■ **WHAT THE TASK ASKS**: Reproduce, please, the line that holds "Main image of" and all later lines through the end of the entries below, exactly; omit pictures.

■ **DATASET RECORDS**:
-- Opening Marker --
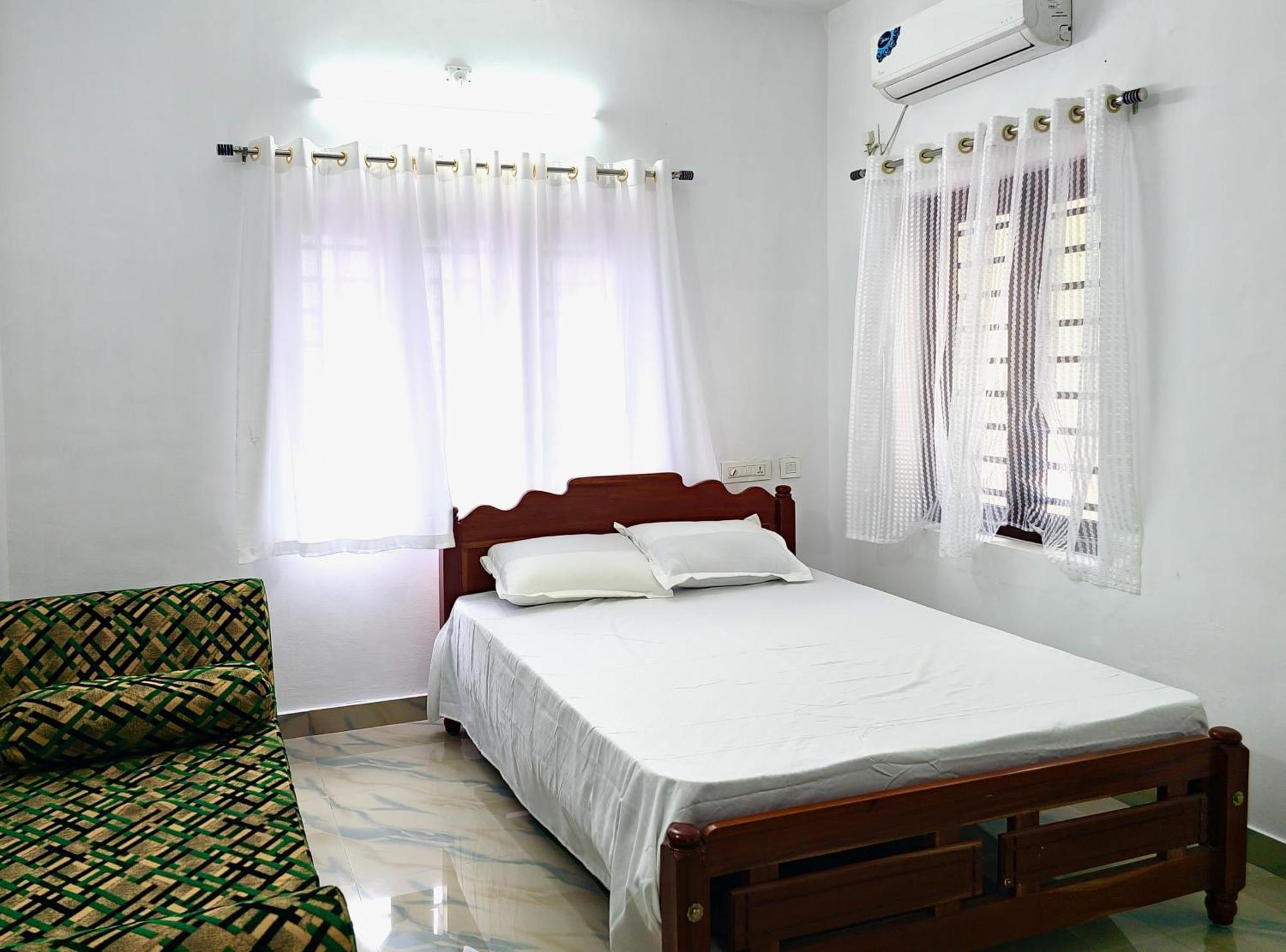 Ambili Riverfront Villa With Party Hall Irimbranallur 外观 照片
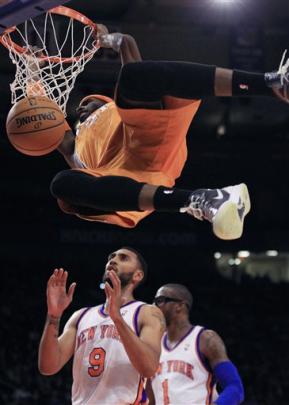 Phoenix Suns' Hakim Warrick, top, dunks the ball as New York Knicks' Jared Jeffries (9) and Amare...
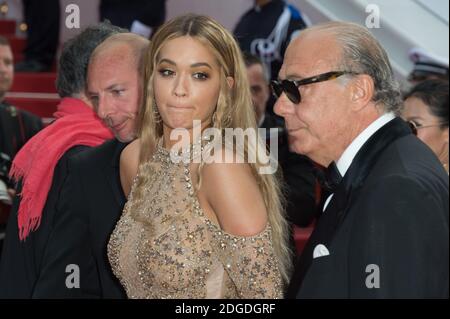 Rita ora arrive sur le tapis rouge du 70e anniversaire lors du 70e Festival annuel de Cannes au Palais des Festivals à Cannes, le 23 mai 2017. Photo de Nicolas Genin/ABACAPRESS.COM Banque D'Images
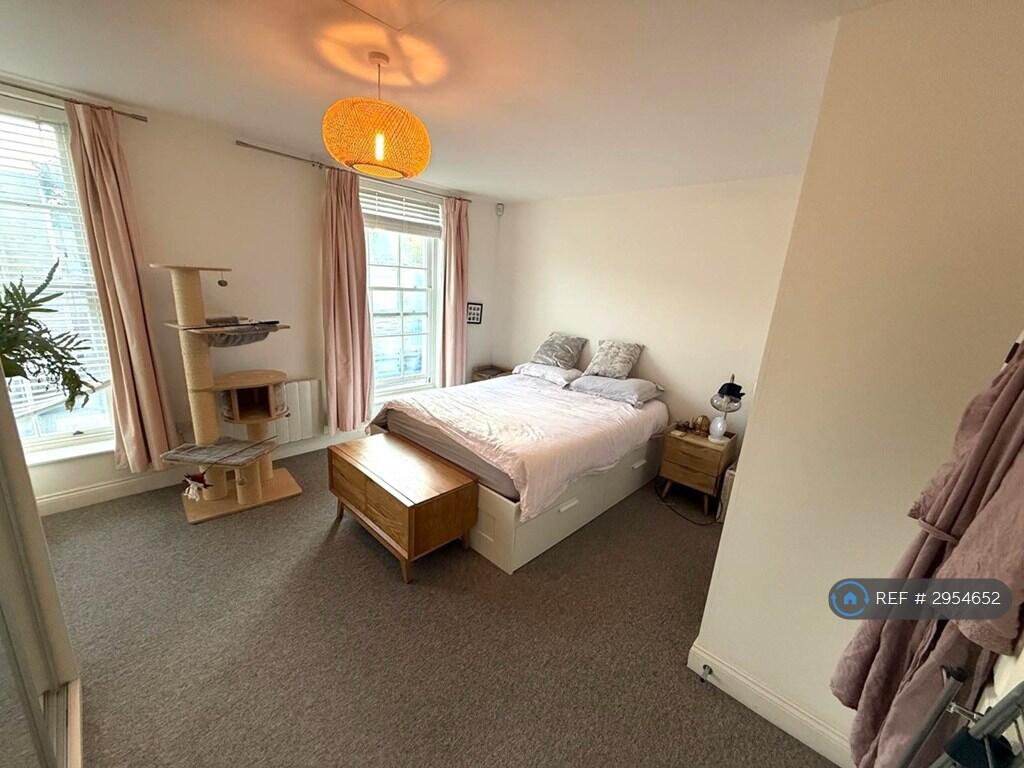 Main image of property: Belgrave Street, London, E1
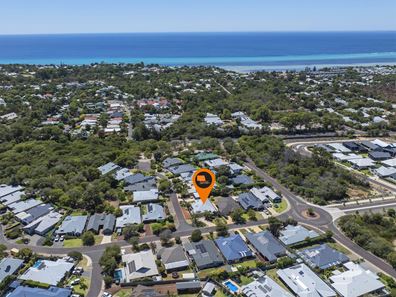 8 Gibson Drive, Dunsborough WA 6281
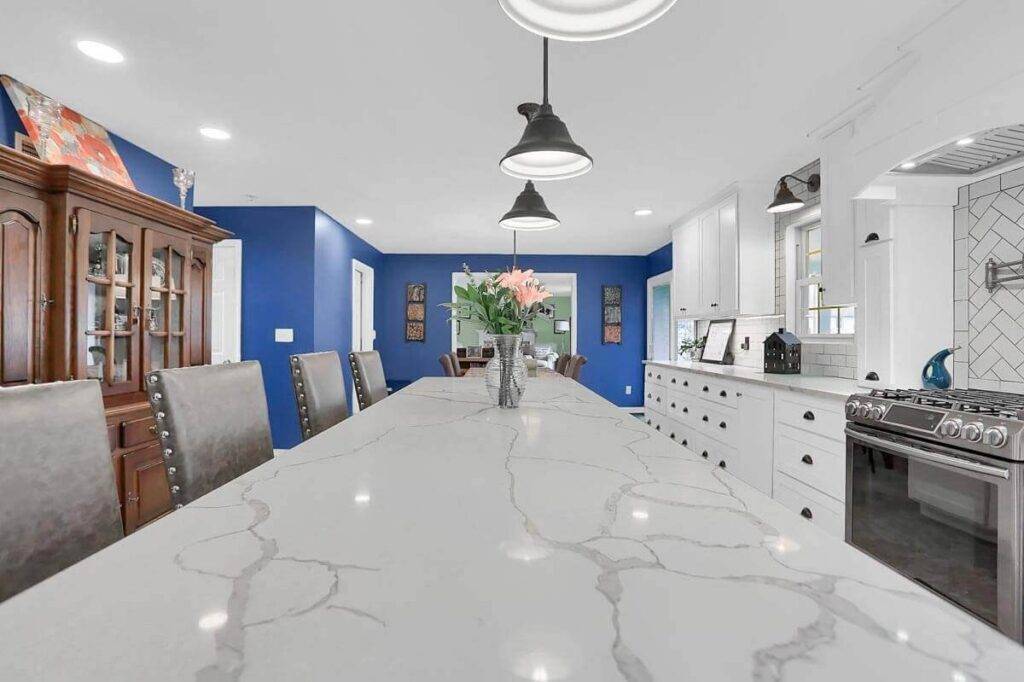 Classique Quartz Island countertop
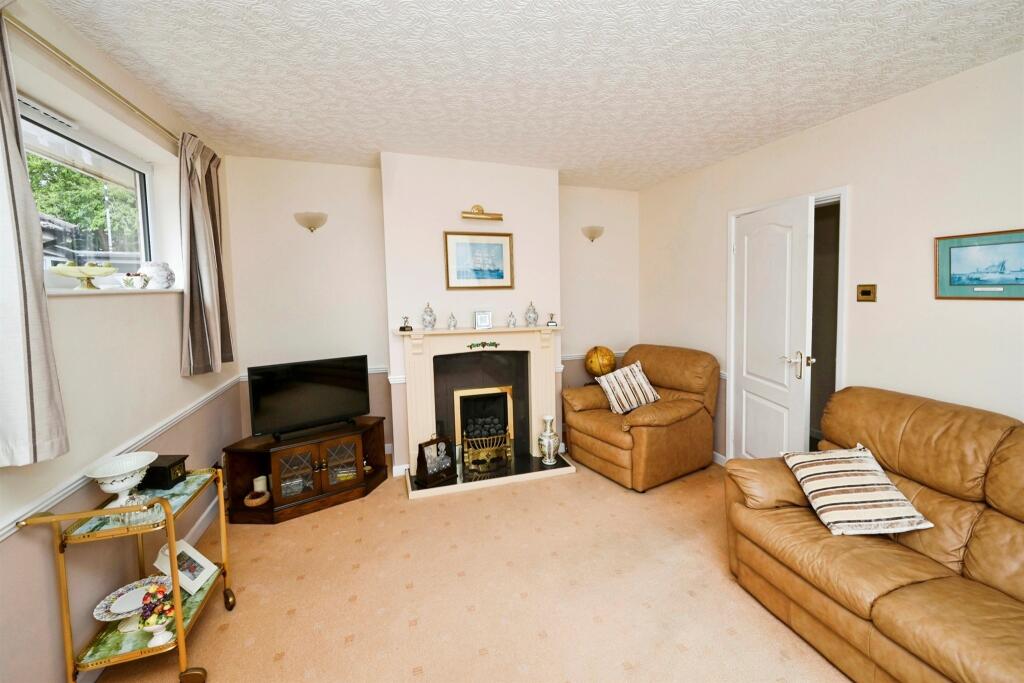 Kingsthorpe Crescent, Skegness photo 2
-- Closing Marker --
■ **RESPONSE TO THIS TASK**:
 Main image of property: Belgrave Street, London, E1
 8 Gibson Drive, Dunsborough WA 6281
 Classique Quartz Island countertop
 Kingsthorpe Crescent, Skegness photo 2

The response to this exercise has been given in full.